The incident also raises awkward questions for smaller cricketing nations. Teams like UAE or Oman often have a mix of Indian and Pakistani expatriates. How will India’s new policy play out against such teams? Will handshakes be extended to some players but not others, or is the boycott reserved strictly for those who wear the Pakistani green? The logic, once broken down, begins to fray at the edges.

This is not the first time sport has faced such dilemmas. In 2023, at the World Fencing Championship, Ukraine’s Olga Kharlan refused to shake hands with a Russian opponent, choosing instead to offer a symbolic tap of blades in protest against the war. When the Russian fencer refused and lodged a protest, Kharlan was disqualified. But the International Olympic Committee later intervened, recognising the right of athletes to refuse handshakes in contexts of war, and Kharlan went on to win gold at the Paris Olympics in 2024. That precedent suggests that sporting bodies may eventually accept that gestures of civility cannot be divorced from geopolitics. Yet the Ukraine-Russia case is different in one crucial respect: those nations are engaged in an active war. India and Pakistan, for all their hostility, still meet on the cricket field in multi-nation tournaments. This makes the refusal of gestures like handshakes more fraught and more symbolic.

How Pakistan will respond remains uncertain. Will they adopt the same posture, turning their backs on symbolic civility? Or will they go the other way, using gestures of goodwill to gain moral high ground? The response will shape the narrative in the next clash. If passions rise and sledging begins, how will India respond? Will verbal jousting be considered acceptable but physical handshakes forbidden? Where will the lines of acceptable engagement be drawn?

There is a deeper irony here. For decades, India has prided itself on the notion that cricket builds bridges where diplomacy falters. The 2004 India-Pakistan cricket tour was celebrated as a “cricket diplomacy” initiative that thawed relations between the two nations. Fans crossed borders, stadiums overflowed, and politicians basked in the afterglow. The current moment reverses that history. Cricket has stopped being a bridge and has become another battlefield in the larger conflict.

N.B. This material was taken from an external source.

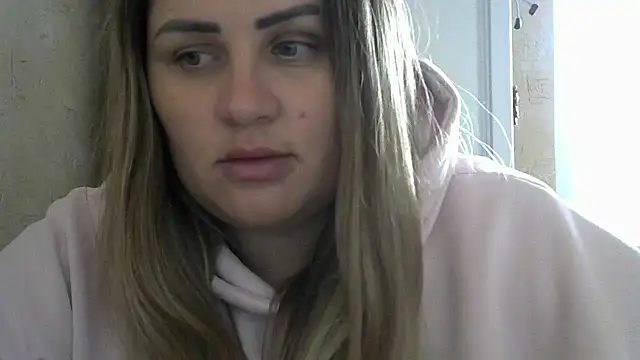 Snapshot of Honeydew-Waves chatting on October 28, 2025, 11:31 am Honeydew-Waves online show from October 28, 2025, 11:31 am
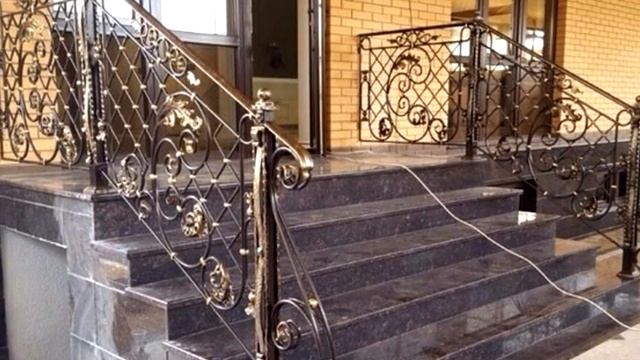 Кованые перила на крыльцо частного дома, дизайн кованых перил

The commercialisation of sport intensifies this trend. Cricket is no longer just about players and fans but also about massive television audiences, sponsors, and global image. In such an environment, gestures of civility become part of the spectacle, and refusing them becomes a political statement amplified worldwide. When India says “no handshake,” it is not just an action on the field but a message carried into living rooms, boardrooms, and diplomatic circles across continents.

In the end, the no-handshake is a choice that the Indian team has exercised, with the backing of its board and its government. Whether it becomes a new normal depends on how fans, organisers, and players adapt. The slogan “Don’t politicise sports” now rings hollow, for sport and politics are no longer parallel tracks — they have converged. The stadium handshake, once a simple act of sportsmanship, now carries the weight of national conflict. And as long as that remains true, every gesture — or refusal of one — will be read as a political act.

The Asia Cup incident was not just a minor breach of etiquette. It was a signal of how sport in South Asia is evolving, mirroring the political mood of the region. It tells us that even in the sanctuary of the stadium, where fans once found escape from the bitterness of politics, there is no longer any escape. The cricket field is now an extension of the political arena, and the vanished handshake may be the most telling symbol of our times.